我的臉迅速紅了起來,一直紅到耳朵根,不能說是害羞,更多的是愧疚,比考不及格更加的愧疚——他是那么的信任我,即使是高三復習階段的不及格,他也堅定地相信他的小貓的人生軌跡不會因為成績而產生更多不必要的改變,所以他才會因為我的自卑生氣,才會在短短幾分鐘就把剛才的事情放下,權當無事發生。
但是我呢,因為一次不及格就對自己產生了懷疑,擔心被他拋棄。這是回應這份信任的態度嗎,我有對主人完全的信任嗎?
體內的跳蛋一反常態的安靜,但我卻顫抖著伏在桌上泣不成聲。
他該罰我的,不是因為成績,而是因為寵物守則的最重要的一條:寵物必須絕對信任自己的主人,主人所做的一切都是為了自己好。
腦后的頭發被毫不留情的扯起來向后拽,我順著力道抬起臉,淚花還在眼眶里打轉。我看不清他的表情,嘴唇卻立刻被他吻住,一只手捏住我的臉頰,舌頭放肆的侵略著還在打顫的口腔,牙齒在唇上咬下,留下道道紅腫。這個吻暴力而持久,直到我眼前好像有星星閃爍、陣陣發黑才停下。

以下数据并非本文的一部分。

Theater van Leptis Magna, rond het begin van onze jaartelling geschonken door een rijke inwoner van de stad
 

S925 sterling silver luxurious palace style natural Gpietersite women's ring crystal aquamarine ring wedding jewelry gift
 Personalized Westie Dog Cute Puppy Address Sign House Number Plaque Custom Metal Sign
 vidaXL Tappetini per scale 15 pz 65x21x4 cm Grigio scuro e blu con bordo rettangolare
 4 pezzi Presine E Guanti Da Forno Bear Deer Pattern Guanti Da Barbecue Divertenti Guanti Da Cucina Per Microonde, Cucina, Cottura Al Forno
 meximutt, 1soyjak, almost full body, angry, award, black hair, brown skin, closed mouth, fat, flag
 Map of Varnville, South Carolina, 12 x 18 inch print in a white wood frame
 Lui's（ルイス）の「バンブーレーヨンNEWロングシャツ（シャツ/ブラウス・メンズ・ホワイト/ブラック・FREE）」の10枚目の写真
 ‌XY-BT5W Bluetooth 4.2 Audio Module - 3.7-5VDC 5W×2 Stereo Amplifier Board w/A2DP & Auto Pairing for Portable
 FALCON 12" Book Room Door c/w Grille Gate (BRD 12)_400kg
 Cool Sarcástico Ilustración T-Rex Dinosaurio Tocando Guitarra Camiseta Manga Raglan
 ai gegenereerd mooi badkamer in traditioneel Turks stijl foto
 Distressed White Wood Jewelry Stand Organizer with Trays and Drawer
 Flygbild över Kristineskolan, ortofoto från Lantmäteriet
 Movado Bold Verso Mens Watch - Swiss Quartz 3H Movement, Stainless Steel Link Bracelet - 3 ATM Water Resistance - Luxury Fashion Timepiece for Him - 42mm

本來止住了的淚水又涌了出來,我劇烈的喘息著,感到臉頰有些僵硬,嘴唇被刺痛感包裹著,想來應該又紅又腫。
他的手溫柔的撫上我的臉頰,拭去一臉的眼淚鼻涕口水。
我漸漸止了淚,看清顧風看不出情緒的臉。
“主人……”聲音哽咽著。我想解釋,我想道歉,我想求他責罰,我想感謝他的信任。
我想他是聽懂了的,因為我看到他勾起嘴角,在我眼前把手中的遙控器一格一格推上了最高檔。
“給你一個小時,訂正錯題,不會的自己翻書。”話畢,他把遙控器隨手丟到床上,坐回椅子上,拿起手邊的書,不再看我。
這哪是開卷就能解決的問題!被他調教的敏感無比的身體在跳蛋開始震動的瞬間就開始分泌愛液。雖然自己放的跳蛋并沒有精準抵在敏感點,卻也足以讓我在最高檔的震動下縮成一團幾乎動彈不得。
他懶懶的抬眼,把我的窘態完整收入眼底:“訂正完還扣了多少分就罰多少鞭。”
我的瞳孔瞬間放大,趕緊掙扎著撐起身體,艱難的握住筆,幾乎是一秒一顫地讓筆尖在紙上移動。那字跡,抖得幾乎我自己都認不出來。
然而我別無選擇,我只能憑著毅力努力把字控制在能看懂的程度,只能強行咬牙忍下體內的燥熱和抽搐。
沒有一個小時比這個小時更難熬,也沒有一個小時比這個小時過得更快。
當顧風淡淡的說出“時間到”的時候,我還在和最后一道該死的物理題斗智斗勇。沒辦法啊,不會就是不會,數理化哪里是開卷就能解決的問題。
我頹然放下筆,以奔赴刑場的態度把卷子交到了他手上,認命地跪在他腳邊。
“不順利?”他沒看卷子,先看向了我。
“嗯。”我低著頭,不敢和他對視。
“不對。”他說。
啊?什么不對?我的大腦飛速運轉,剛大量死去的腦細胞再次被我無情的壓榨著。
“是的,主人。”我抬起頭,跪的端正。
“乖。”他的嘴角勾起一絲笑意,伸手揉了揉我的腦袋,“去把遙控器拿過來。”隨后收回了視線,看向了手中的試卷。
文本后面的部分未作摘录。